**Activity:** Return exactly those lines of the material below that fall between the line holding "ARRANGE scarf neck" and the line holding "Chanel Diamond Paved Heart Pearl Bracelet", inclusive.

**Raw data:**

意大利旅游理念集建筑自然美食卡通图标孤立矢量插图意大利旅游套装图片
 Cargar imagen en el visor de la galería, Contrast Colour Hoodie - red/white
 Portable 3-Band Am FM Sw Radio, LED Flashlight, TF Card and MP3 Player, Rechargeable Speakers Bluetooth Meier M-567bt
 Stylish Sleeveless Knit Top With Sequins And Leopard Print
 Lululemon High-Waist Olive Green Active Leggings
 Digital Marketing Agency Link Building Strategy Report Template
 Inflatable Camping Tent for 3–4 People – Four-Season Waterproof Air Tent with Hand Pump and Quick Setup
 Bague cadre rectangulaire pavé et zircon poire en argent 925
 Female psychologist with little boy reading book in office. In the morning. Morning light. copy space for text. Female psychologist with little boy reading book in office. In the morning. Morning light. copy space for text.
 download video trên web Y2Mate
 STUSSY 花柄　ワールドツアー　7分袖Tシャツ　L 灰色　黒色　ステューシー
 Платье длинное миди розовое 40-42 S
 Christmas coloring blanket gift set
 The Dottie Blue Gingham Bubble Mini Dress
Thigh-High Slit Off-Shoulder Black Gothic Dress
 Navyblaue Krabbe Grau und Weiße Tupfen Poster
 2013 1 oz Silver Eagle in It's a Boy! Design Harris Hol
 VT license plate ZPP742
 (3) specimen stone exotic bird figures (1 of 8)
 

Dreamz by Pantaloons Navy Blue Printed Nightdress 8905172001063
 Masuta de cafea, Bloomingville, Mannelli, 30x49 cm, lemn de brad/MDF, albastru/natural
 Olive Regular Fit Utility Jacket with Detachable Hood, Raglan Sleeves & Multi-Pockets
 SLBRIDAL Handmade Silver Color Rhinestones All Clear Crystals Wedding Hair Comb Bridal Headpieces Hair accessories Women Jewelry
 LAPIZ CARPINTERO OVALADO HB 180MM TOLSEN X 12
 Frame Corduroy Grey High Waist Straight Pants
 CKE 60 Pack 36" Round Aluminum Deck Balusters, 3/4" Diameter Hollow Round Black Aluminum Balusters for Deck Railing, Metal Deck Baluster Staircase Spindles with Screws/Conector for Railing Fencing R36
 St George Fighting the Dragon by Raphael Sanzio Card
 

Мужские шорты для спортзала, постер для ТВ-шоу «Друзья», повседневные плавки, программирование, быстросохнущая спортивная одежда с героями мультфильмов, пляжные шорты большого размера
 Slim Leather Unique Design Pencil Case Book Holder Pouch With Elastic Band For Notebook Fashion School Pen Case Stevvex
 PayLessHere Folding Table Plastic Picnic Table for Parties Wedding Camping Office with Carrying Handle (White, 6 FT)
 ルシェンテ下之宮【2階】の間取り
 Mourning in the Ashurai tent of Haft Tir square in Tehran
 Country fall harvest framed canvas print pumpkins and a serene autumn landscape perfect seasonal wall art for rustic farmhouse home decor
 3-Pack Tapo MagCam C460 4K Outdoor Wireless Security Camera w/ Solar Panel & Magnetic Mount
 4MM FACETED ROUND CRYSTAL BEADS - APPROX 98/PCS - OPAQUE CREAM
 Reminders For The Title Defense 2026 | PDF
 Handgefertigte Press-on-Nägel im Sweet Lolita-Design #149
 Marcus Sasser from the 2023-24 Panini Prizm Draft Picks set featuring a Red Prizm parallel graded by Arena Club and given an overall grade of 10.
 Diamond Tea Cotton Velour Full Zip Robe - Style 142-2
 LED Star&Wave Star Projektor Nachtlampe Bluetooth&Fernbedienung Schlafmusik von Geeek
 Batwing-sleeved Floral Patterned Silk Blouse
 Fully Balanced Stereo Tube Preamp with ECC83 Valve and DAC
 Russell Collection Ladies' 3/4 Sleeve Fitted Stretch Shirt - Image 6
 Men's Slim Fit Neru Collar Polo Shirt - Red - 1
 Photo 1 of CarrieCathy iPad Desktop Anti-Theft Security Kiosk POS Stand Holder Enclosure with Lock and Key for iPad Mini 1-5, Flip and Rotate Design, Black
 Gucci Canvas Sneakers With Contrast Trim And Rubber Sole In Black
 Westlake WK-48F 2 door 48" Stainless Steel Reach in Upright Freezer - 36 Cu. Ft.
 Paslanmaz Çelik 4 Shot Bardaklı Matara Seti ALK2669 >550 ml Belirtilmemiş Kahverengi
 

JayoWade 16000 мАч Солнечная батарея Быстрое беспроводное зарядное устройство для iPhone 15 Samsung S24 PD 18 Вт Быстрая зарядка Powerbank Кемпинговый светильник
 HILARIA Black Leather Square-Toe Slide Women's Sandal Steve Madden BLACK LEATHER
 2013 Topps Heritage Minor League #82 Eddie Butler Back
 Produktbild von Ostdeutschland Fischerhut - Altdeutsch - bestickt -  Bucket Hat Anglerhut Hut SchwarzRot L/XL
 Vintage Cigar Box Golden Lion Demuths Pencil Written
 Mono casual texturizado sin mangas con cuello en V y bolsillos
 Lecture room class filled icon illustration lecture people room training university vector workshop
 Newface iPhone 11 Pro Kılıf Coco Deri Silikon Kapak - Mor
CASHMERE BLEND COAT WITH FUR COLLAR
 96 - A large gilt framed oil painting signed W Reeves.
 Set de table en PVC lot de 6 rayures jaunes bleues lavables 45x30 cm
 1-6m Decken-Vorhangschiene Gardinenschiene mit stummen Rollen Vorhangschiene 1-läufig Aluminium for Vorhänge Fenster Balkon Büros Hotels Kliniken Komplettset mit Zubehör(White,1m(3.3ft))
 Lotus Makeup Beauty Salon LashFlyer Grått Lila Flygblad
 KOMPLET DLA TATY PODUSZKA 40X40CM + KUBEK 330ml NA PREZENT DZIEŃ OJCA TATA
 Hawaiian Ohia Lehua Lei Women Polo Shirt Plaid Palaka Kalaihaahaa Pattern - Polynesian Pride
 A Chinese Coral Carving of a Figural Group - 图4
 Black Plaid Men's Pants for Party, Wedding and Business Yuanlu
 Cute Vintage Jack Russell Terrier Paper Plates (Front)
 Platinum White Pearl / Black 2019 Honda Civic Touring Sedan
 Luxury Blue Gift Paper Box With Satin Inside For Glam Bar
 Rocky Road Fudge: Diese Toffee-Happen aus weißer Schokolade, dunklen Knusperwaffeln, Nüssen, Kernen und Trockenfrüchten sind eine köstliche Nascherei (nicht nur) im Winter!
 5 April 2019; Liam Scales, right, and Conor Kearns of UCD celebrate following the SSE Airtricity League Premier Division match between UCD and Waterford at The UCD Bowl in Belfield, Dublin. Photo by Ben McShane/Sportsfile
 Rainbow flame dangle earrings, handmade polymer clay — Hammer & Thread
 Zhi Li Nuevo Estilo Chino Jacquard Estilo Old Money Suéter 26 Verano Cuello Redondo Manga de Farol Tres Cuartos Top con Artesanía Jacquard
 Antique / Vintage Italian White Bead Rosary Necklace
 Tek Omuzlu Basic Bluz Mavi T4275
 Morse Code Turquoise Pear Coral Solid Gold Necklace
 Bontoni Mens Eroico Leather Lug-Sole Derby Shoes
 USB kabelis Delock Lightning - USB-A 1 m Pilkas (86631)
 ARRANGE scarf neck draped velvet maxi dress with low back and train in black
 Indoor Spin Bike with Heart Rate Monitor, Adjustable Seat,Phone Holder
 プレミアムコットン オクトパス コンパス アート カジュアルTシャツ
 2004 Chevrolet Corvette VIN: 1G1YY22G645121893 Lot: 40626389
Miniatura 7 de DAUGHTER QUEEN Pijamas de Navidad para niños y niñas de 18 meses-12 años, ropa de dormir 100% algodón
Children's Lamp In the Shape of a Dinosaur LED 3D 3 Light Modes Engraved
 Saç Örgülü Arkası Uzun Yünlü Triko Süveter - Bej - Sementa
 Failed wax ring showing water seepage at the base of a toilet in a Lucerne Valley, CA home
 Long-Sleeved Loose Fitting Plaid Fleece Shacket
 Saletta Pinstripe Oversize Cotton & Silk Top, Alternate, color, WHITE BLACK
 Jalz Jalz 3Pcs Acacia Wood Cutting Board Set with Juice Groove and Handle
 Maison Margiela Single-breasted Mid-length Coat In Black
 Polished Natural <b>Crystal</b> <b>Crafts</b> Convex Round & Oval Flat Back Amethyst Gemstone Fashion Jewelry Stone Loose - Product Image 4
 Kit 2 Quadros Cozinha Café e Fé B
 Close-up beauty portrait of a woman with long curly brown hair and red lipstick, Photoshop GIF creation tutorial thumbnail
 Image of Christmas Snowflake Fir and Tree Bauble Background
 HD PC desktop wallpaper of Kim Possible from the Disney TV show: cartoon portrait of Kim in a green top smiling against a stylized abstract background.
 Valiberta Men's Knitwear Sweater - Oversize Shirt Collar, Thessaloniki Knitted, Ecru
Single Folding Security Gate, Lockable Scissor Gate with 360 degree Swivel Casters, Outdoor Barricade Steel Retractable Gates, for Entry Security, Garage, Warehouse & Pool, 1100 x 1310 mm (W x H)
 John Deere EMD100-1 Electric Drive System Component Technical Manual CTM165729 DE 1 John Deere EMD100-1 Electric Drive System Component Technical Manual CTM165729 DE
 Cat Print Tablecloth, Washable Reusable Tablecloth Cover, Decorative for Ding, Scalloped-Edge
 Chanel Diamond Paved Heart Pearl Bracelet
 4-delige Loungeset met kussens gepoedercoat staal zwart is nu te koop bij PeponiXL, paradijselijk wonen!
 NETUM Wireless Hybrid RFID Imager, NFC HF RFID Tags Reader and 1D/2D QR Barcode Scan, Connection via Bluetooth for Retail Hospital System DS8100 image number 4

**Response:**
 ARRANGE scarf neck draped velvet maxi dress with low back and train in black
 Indoor Spin Bike with Heart Rate Monitor, Adjustable Seat,Phone Holder
 プレミアムコットン オクトパス コンパス アート カジュアルTシャツ
 2004 Chevrolet Corvette VIN: 1G1YY22G645121893 Lot: 40626389
Miniatura 7 de DAUGHTER QUEEN Pijamas de Navidad para niños y niñas de 18 meses-12 años, ropa de dormir 100% algodón
Children's Lamp In the Shape of a Dinosaur LED 3D 3 Light Modes Engraved
 Saç Örgülü Arkası Uzun Yünlü Triko Süveter - Bej - Sementa
 Failed wax ring showing water seepage at the base of a toilet in a Lucerne Valley, CA home
 Long-Sleeved Loose Fitting Plaid Fleece Shacket
 Saletta Pinstripe Oversize Cotton & Silk Top, Alternate, color, WHITE BLACK
 Jalz Jalz 3Pcs Acacia Wood Cutting Board Set with Juice Groove and Handle
 Maison Margiela Single-breasted Mid-length Coat In Black
 Polished Natural <b>Crystal</b> <b>Crafts</b> Convex Round & Oval Flat Back Amethyst Gemstone Fashion Jewelry Stone Loose - Product Image 4
 Kit 2 Quadros Cozinha Café e Fé B
 Close-up beauty portrait of a woman with long curly brown hair and red lipstick, Photoshop GIF creation tutorial thumbnail
 Image of Christmas Snowflake Fir and Tree Bauble Background
 HD PC desktop wallpaper of Kim Possible from the Disney TV show: cartoon portrait of Kim in a green top smiling against a stylized abstract background.
 Valiberta Men's Knitwear Sweater - Oversize Shirt Collar, Thessaloniki Knitted, Ecru
Single Folding Security Gate, Lockable Scissor Gate with 360 degree Swivel Casters, Outdoor Barricade Steel Retractable Gates, for Entry Security, Garage, Warehouse & Pool, 1100 x 1310 mm (W x H)
 John Deere EMD100-1 Electric Drive System Component Technical Manual CTM165729 DE 1 John Deere EMD100-1 Electric Drive System Component Technical Manual CTM165729 DE
 Cat Print Tablecloth, Washable Reusable Tablecloth Cover, Decorative for Ding, Scalloped-Edge
 Chanel Diamond Paved Heart Pearl Bracelet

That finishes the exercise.